All-Star nod ‘relief’ for Anthony

? Nothing like an All-Star invitation to mellow Melo.

“Once I got the news, it was like a relief for me,” Carmelo Anthony said. “I got a chance to just go out there and focus and have fun. I feel like I have more pep to my step out there.”

Anthony, the league’s leading scorer, wasn’t surprised by the snub from fans, who selected the starters for Sunday’s All-Star game in Las Vegas. After all, he’d been suspended five weeks for fighting.

He was genuinely surprised and hurt, however, when he was spurned by the Western Conference coaches, who chose the reserves.

He wondered if that one regrettable moment had tarnished the good things he’d done lately to ditch his immature image – starring for the U.S. team at the world championships last summer and giving money to build a gym at Syracuse and a youth center in Baltimore.

Maybe all that goodwill was wiped out by his sucker punch of Knicks guard Mardy Collins, followed by his quick retreat across the court.

“The first couple of games when I first heard the news, it was in the back of my mind, lingering,” Anthony said, referring to the snub by coaches. “I asked myself what I was doing out there, or what I wasn’t doing, or am I doing too much or too little?”
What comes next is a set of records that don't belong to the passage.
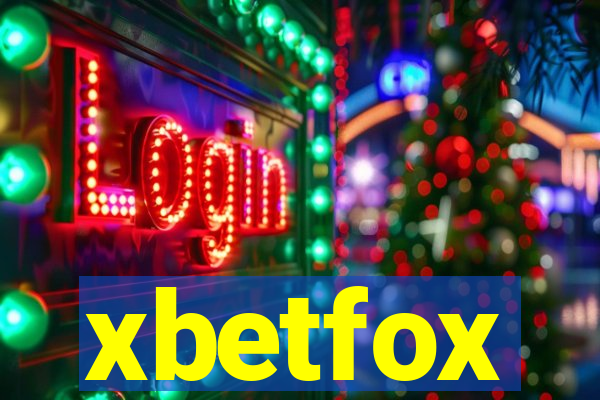 xbetfox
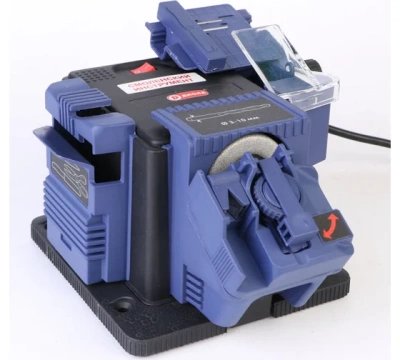 Машина д/заточки МЭС-04 Диолд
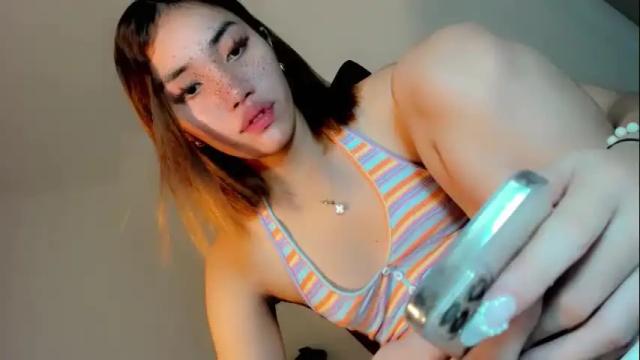 Image 12 of thewhoremistress05 Stream on Chaturbate on 1 month ago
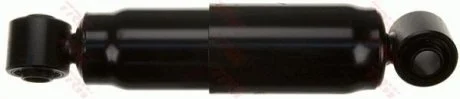- Амортизатор SAF,ROR,FRUEHAUF, RVI AE500 R (O/O,465X315,24X62) TRW JHR5011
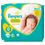 Pampers Micro New Baby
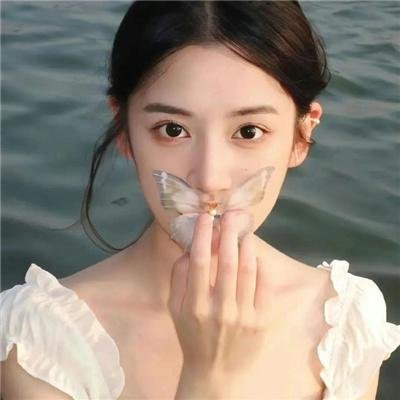 爱情战争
He responded by assuming even more of the burden to carry the hodgepodge Denver Nuggets, who have yet to jell because of trades, suspensions, injuries and illness.
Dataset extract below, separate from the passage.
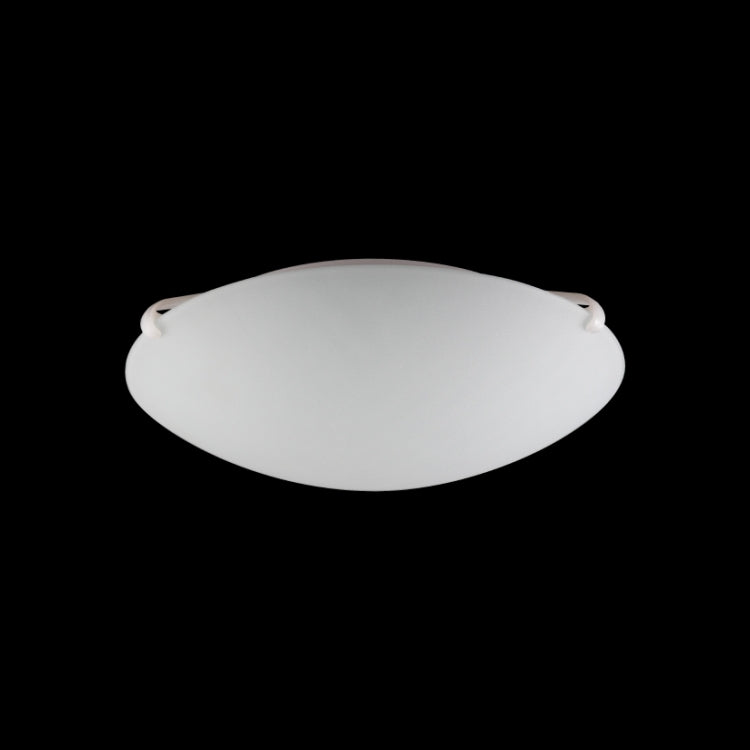 FL -KLC-3014 SMALL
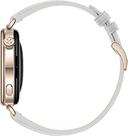 Huawei Watch GT 7 thumbnail 5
That didn’t work out so well. Despite earning his first career triple-double, Anthony couldn’t lift the Nuggets, who were without Allen Iverson (ankle) and Marcus Camby (flu). They kept losing to lesser teams who better understood teamwork.

After an overtime loss to Charlotte last week in which he threw an airball at the end of regulation, a disconsolate Anthony sat in his leather chair and stared into his locker while still in uniform for nearly an hour after the game.

A stream of coaches and teammates approached to console him. Anthony said nothing, lost in thought, wallowing in misfortune.

The next day, commissioner David Stern, who had suspended Anthony for fighting, chose him as an injury-replacement selection. And just like that, Melo was Melo again.

“I think the stress in his body and his nature right now is a little more relaxed, a little more just into having fun and enjoying the game rather than worrying about everything,” coach George Karl said.

Anthony agrees.

“Since Camby and A.I. have been out, I have realized I don’t really need to score 35 points for us to win,” Anthony explained after the Nuggets’ third straight win Monday night. “If I go out there and get eight or nine rebounds and six or seven assists, and still do what I do when I get the ball, then it’s easier for me and easier for my teammates. We can win a lot of games.”